Musik, Tarian dan Pakaian Adat Rote Jadi Daya Tarik di NIHI Rote
- 29 Agt 2026 16:05 WIB
- Kupang
RRI.CO.ID, Rote - Keindahan alam bukan satu-satunya pengalaman yang ditawarkan NIHI Rote kepada wisatawan. Musik tradisional, tarian, serta pakaian adat Rote Ndao turut menjadi bagian dari penyambutan wisatawan yang berkunjung ke kawasan wisata di Desa Bo’a, Kecamatan Rote Barat, Kabupaten Rote Ndao.
Sanggar Ume Hita secara rutin mendapat kesempatan menampilkan kesenian tradisional Rote Ndao dalam agenda penyambutan wisatawan setiap pekan. Para penampil hadir dengan pakaian adat Rote lengkap, diiringi dentingan musik tradisional dan hentakan Gong Rote yang menghadirkan suasana khas budaya lokal.
Salah satu pemain musik sekaligus pemukul Gong Rote, Lorens Henukh, S.Sn., Gr., mengatakan Sanggar Ume Hita tampil setiap Minggu untuk menyambut wisatawan dari dalam maupun luar negeri. “Kami diundang tampil setiap Minggu, dalam acara penyambutan wisatawan dari dalam negeri dan luar negeri,” ungkap Lorens dilansir dari SindoNews, Rabu 26 Agustus 2026.
Menurut Lorens, pertunjukan budaya tersebut mendapat perhatian positif dari para wisatawan. Mereka tidak hanya menikmati panorama dan fasilitas yang tersedia, tetapi juga menunjukkan ketertarikan terhadap musik serta tarian tradisional Rote Ndao.
“Wisatawan yang datang di NIHI Rote lebih suka musik Rote, tarian Rote,” ujarnya.

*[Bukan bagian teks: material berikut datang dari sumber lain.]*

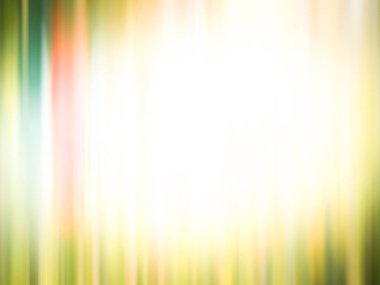 light effects. neon glow. festive decoration. colorful abstract background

Selain Gong Rote dan tarian tradisional, Sasando juga menjadi bagian dari pertunjukan budaya yang diperkenalkan kepada wisatawan. Kehadiran alat musik khas Rote Ndao tersebut semakin melengkapi pengalaman wisatawan dalam mengenal kekayaan seni dan budaya masyarakat setempat.
“Musik Sasando juga ditampilkan,” kata Lorens.
Ia mengaku para wisatawan memberikan respons positif setelah menyaksikan pertunjukan. Bahkan, sejumlah wisatawan menyampaikan apresiasi dan ucapan terima kasih kepada para pelaku seni yang telah memperkenalkan budaya Rote Ndao kepada mereka.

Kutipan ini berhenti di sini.